Problem description: Would you please copy all of the data exactly, skipping the images?

━━ Extracted data ━━

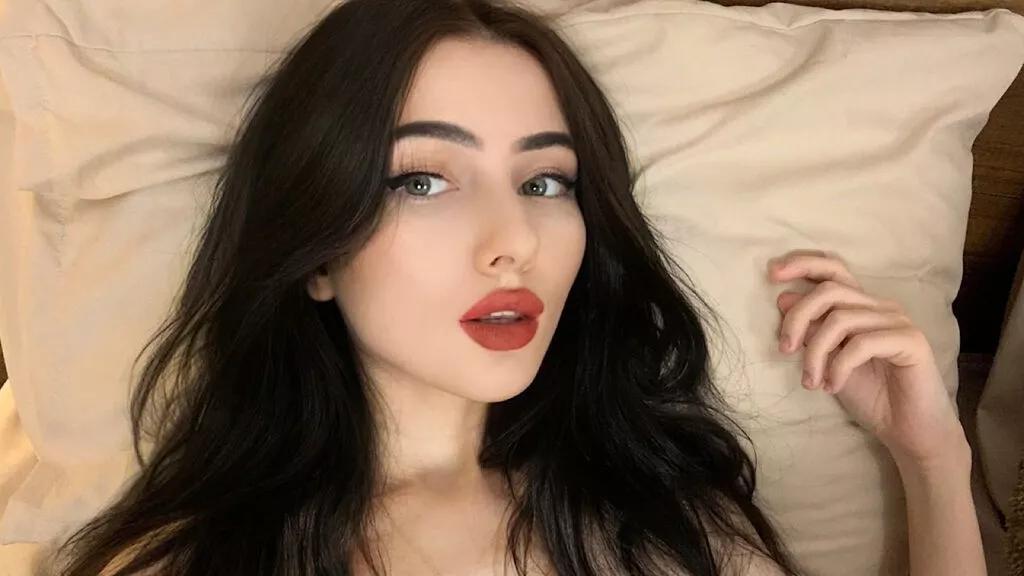 AnaDoleray from LiveJasmin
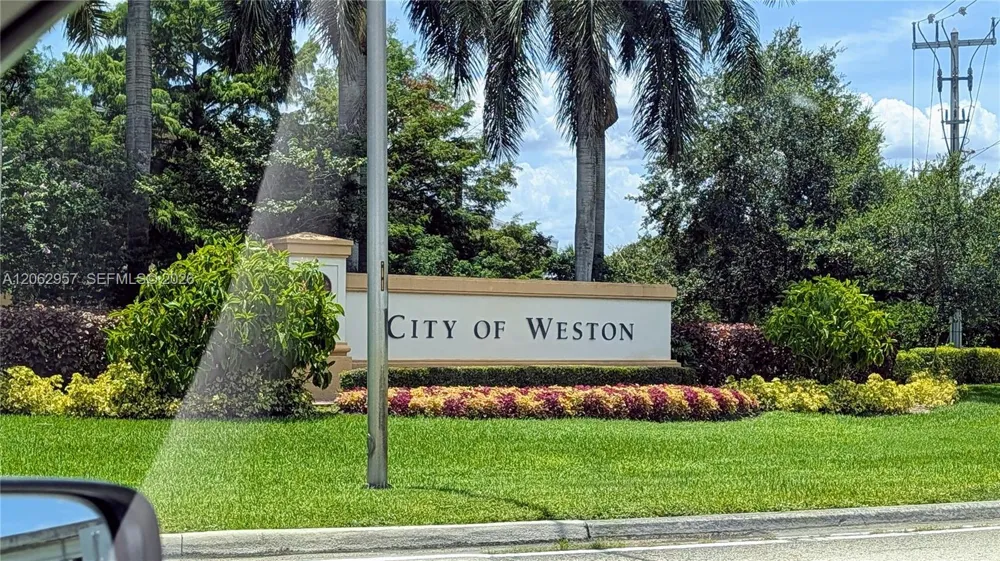 2231 Cordoba Bnd Weston, FL 33327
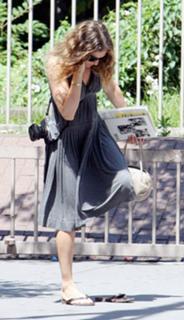 Sarah Jessica Parker feet photo thumbnail
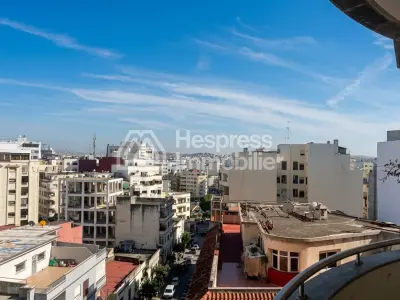Apartment for rent with terrace, 124m² area, located on Rue de Fes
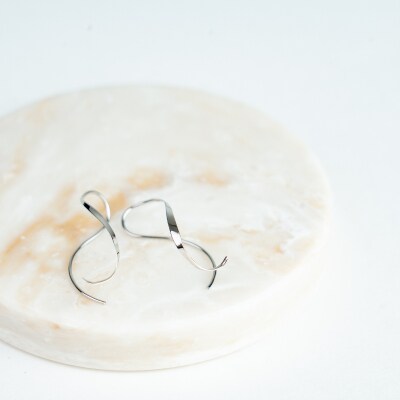 【甲府ジュエリー】Pt900　プラチナ　ウェーブピアス(15132483)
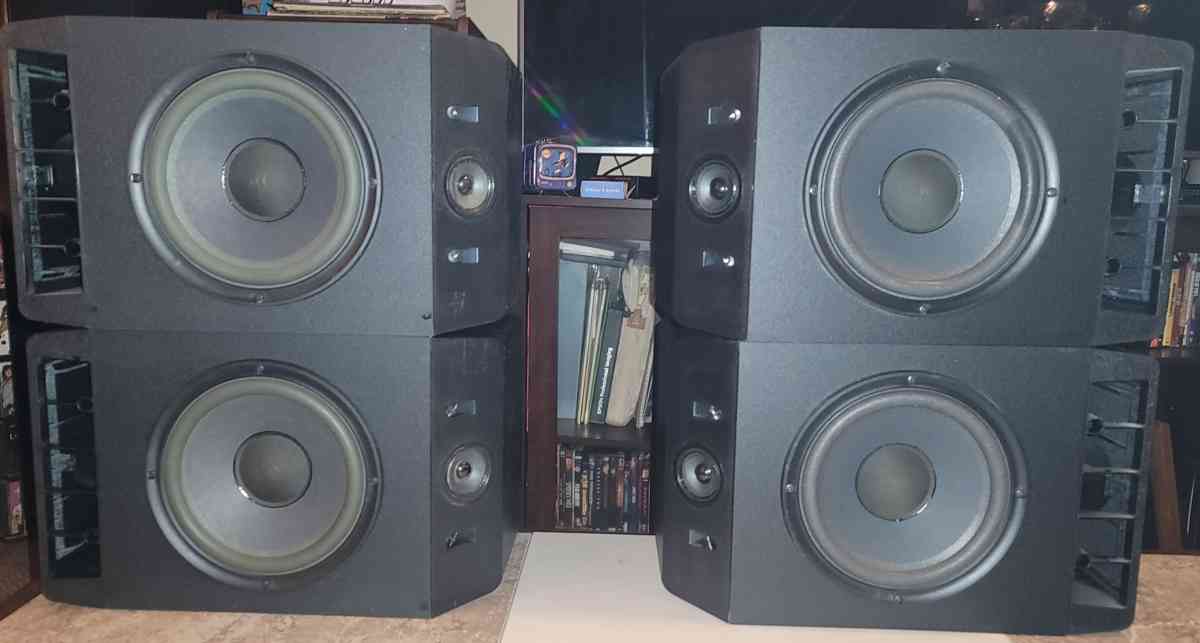 Really nice pair of Bose bookshelf speakers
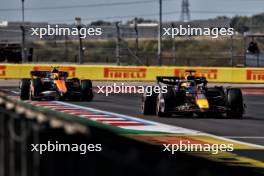 Max Verstappen (NLD) Red Bull Racing RB20 leads Lando Norris (GBR) McLaren MCL38. 20.10.2024. Formula 1 World Championship, Rd 19, United States Grand Prix, Austin, Texas, USA, Race Day.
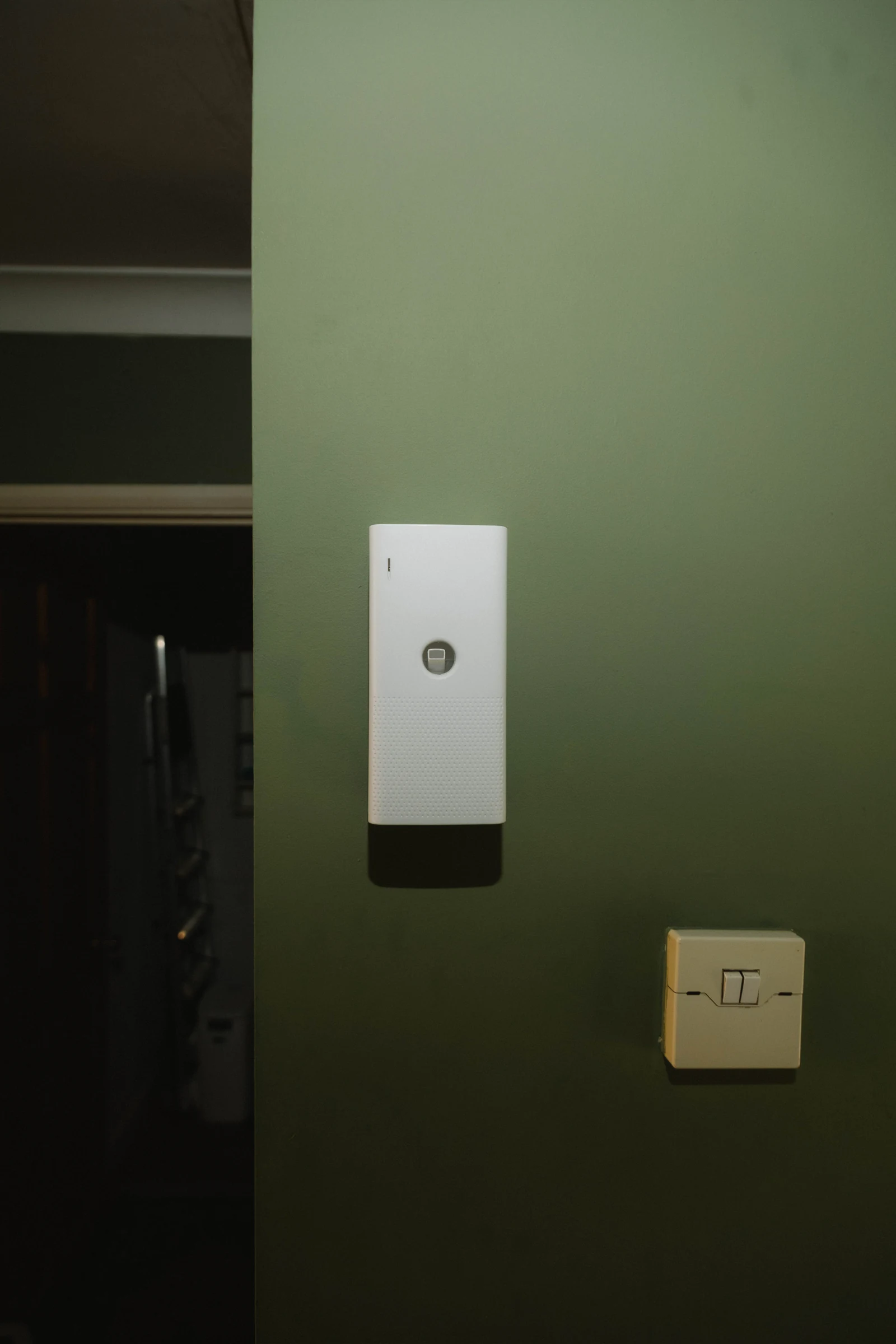 Rooms of Neighbours — Racheal Crowther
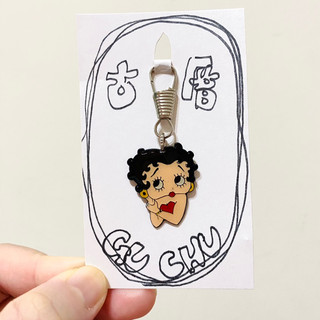 「古厝GU CHU」貝蒂娃娃Betty Boop🌹金屬吊飾 絕版 早期 復古 懷舊 老物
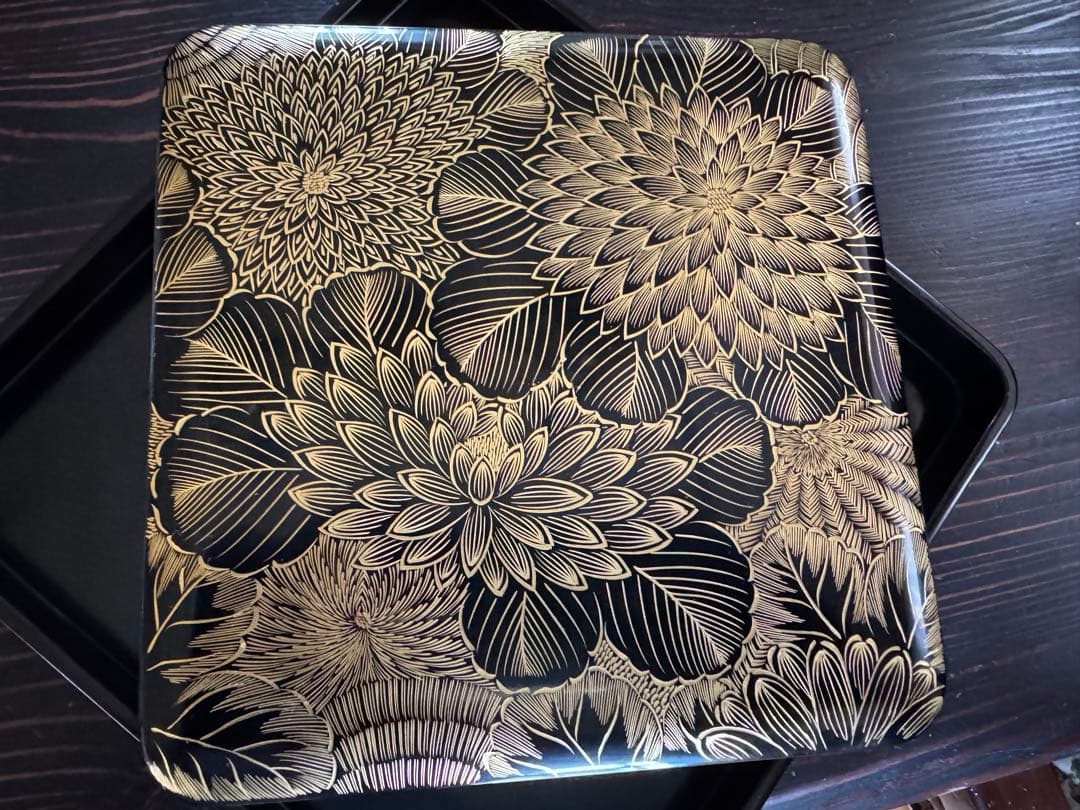 輪島塗（重要無形文化財）沈金 花詰文 二段重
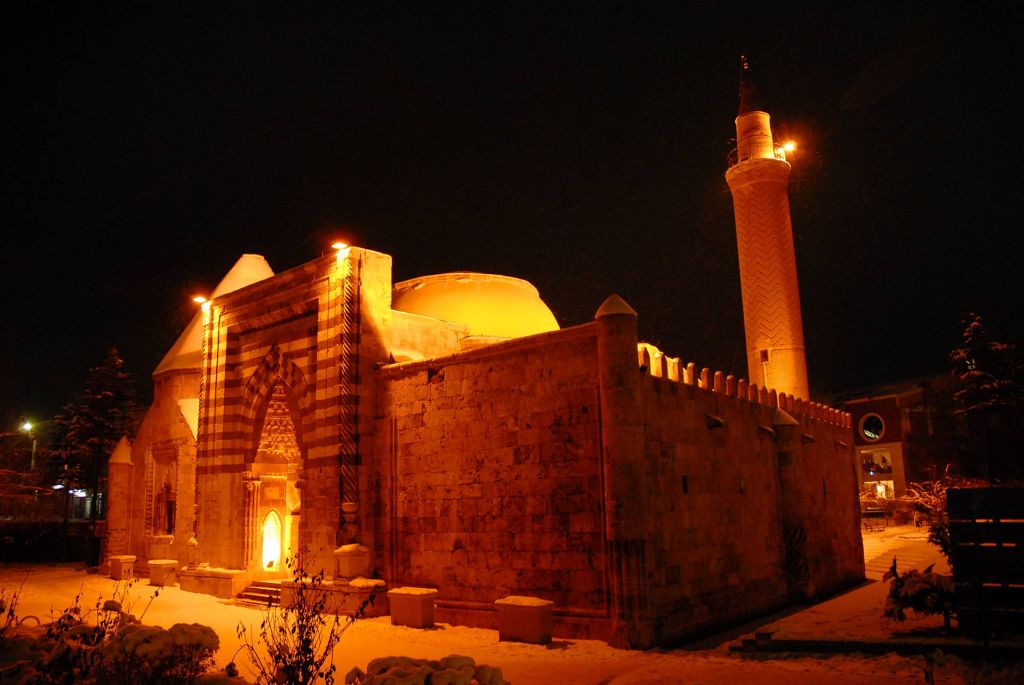 do-adan-mimariye-k-r-ehir-nomatto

━━━

Exercise result:
 AnaDoleray from LiveJasmin
 2231 Cordoba Bnd Weston, FL 33327
 Sarah Jessica Parker feet photo thumbnail
Apartment for rent with terrace, 124m² area, located on Rue de Fes
 【甲府ジュエリー】Pt900　プラチナ　ウェーブピアス(15132483)
 Really nice pair of Bose bookshelf speakers
 Max Verstappen (NLD) Red Bull Racing RB20 leads Lando Norris (GBR) McLaren MCL38. 20.10.2024. Formula 1 World Championship, Rd 19, United States Grand Prix, Austin, Texas, USA, Race Day.
 Rooms of Neighbours — Racheal Crowther
 「古厝GU CHU」貝蒂娃娃Betty Boop🌹金屬吊飾 絕版 早期 復古 懷舊 老物
 輪島塗（重要無形文化財）沈金 花詰文 二段重
 do-adan-mimariye-k-r-ehir-nomatto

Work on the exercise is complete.